What makes it particularly poignant is the fact that those who handed out the draconian sentences thrived in prestigious positions in post-war Germany, while their victims continued to be despised as traitors and cowards. This injustice of history is well documented in Lars Petersson’s book.
Nearly 20 memorials
Little-known in this country is the fact that over the years there have been many local initiatives in German and Austrian cities to remember the victims of these judicial crimes by sponsoring the placement of special memorials dedicated to deserters. There are now nearly 20 of these memorials in major German cities (there is one in Vienna as well) with international sculptors having submitted impressive designs.
One of the most recent memorials, dating from 2009, is a kind of pergola in the centre of Cologne. Imagine a construction roughly the dimensions of a British bus shelter. Standing inside this shelter and looking up, you can read the following text in metallic coloured letters: ‘Homage to the soldiers who refused to shoot at the soldiers, who refused to shoot at the people, who refused to torture the people, who refused to give information against the people, who refused to brutalise the people, who refused to discriminate against the people, who refused to ridicule the people, who showed civil courage while the majority kept silent and toed the line’.
The Swiss sculptor Ruedi Baur intended to alert viewers to ask themselves at what point in this chain of solidarity resistance becomes obligatory. The memorial is in close vicinity to today’s ‘NS [National Socialism] Documentation Centre’, formerly the torture centre of the Nazi secret police. Research in the archives established that 104 natives of Cologne were condemned to death during the Second World War on the grounds of desertion.
Another memorial of impressive design was created by the Turkish sculptor Mehmet Aksoy. Initially planned for Bonn, where it did not receive the necessary approval by the city council in 1989, the memorial can now be seen in Bonn’s twin city Potsdam, where it was welcome after Germany’s reunification.

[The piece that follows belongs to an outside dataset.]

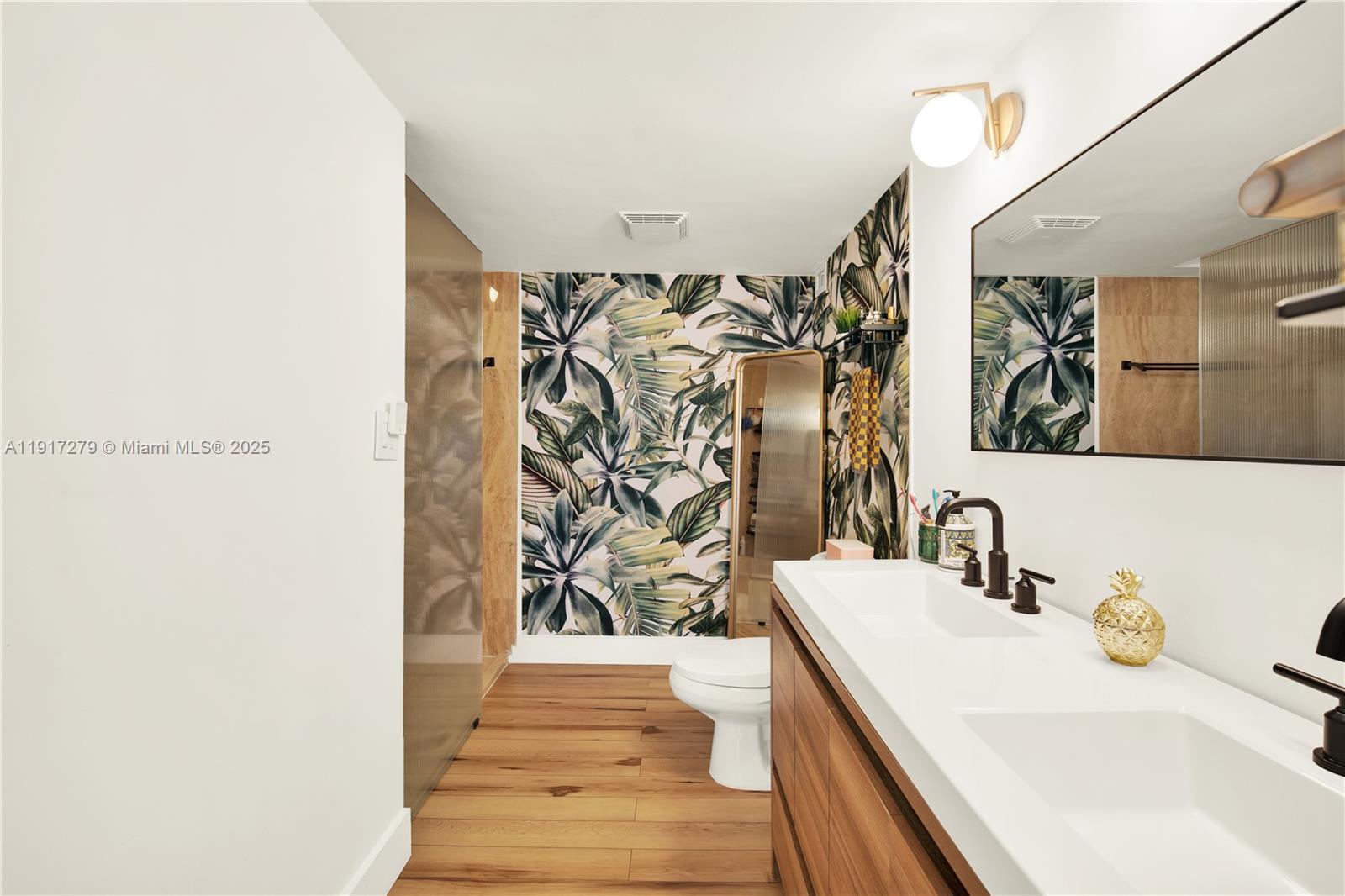 1915 Brickell Avenue, Unit C1101 Miami, FL 33129 - Photo 17 of 55 a bathroom with a sink and a mirror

Imagine a huge rock of compelling solidity in whose centre a hole is cut in the shape of a male figure – the absent soldier as it were. This absence creates anxiety in the viewer. It may lead on to thoughts about the long-lasting absence of reflection on this particular group of victims in post-war German consciousness.
Compared to the brevity of time that it took for the officers who had plotted to assassinate Hitler to gain honoured status in national memorial services, it took several decades for Hitler’s deserters to be given some form of credit for their refusal to fight for the Third Reich.
Anti-NATO
The growing peace movement in the cold war days of cruise missiles and Pershing deployment contributed to a new assessment – at least within the left spectrum of the population. Suddenly a new memorial was unveiled – a memorial dedicated to ‘The Unknown Deserter’. It was immensely controversial, but found a home in the left-wing cultural centre Gustav-Heinemann-Bürgerhaus in a northern suburb of Bremen in 1986. It’s not all that impressive to look at, in that it simply consists of a soldier’s head on a plinth. But what made it so conspicuous and outraged its critics was the fact that this head is wearing the NATO helmet.
The initiative originated with a group of Bundeswehr reservists who opposed NATO’s declared nuclear first-strike policy. Other memorials were to follow: Kassel in 1987, Munich in 1987, Göttingen in 1990, Stuttgart in 2008 (see photo) — to name just a few.
The flourishing peace movement of the 1980s, that attacked militarism right, left and centre, eventually also encouraged a group of 36 surviving deserters to contact one another and offer solidarity to fellow victims of hate mail and contempt.
Ludwig Baumann, today the only surviving deserter still alive and active in this cause, founded the ‘Federal Union of the victims of NS military justice’. The organisation worked tirelessly, against passionate resistance from influential military and political circles, for the de-criminalisation and full rehabilitation of all deserters from Hitler’s Wehrmacht. Support came from the central council of Jews in Germany and from the synod of the Protestant church. But it was not until September 2009, 64 years after the end of the war, that this rehabilitation was finally granted by the German parliament (Bundestag).